I am currently doing the following:
let line_parts = line.split_whitespace().take(3).collect::<Vec<&str>>();
let ip = line_parts[0];
let bytes = line_parts[1];
let int_number = line_parts[2];
Is it possible to do something like this?
let [ip, bytes, int_number] = line.split_whitespace().take(3).collect();
I'm noticed various references to vector destructuring on some sites but the official docs don't seem to mention it.
It seems what you need is "slice patterns":
fn main() {
let line = "127.0.0.1 1000 what!?";
let v = line.split_whitespace().take(3).collect::<Vec<&str>>();
if let [ip, port, msg] = &v[..] {
println!("{}:{} says '{}'", ip, port, msg);
}
}
Playground link
Note the if let instead of plain let.
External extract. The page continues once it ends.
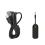 Bluetooth 5.3 audio receiver/transmitter with 3.5 mm AUX input and microphone 4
Slice patterns are refutable, so we need to take this into account (you may want to have an else branch, too).
You can also use this:
use std::convert::TryFrom;
let v = line.split_whitespace().take(3).collect::<Vec<&str>>();
let [ip, bytes, int_number] = <[&str; 3]>::try_from(v).ok().unwrap();
The return type of <[&str; 3]>::try_from(v) will be the Result type which you can use for error handling or allow it to panic as I did, since we already know that the size is 3.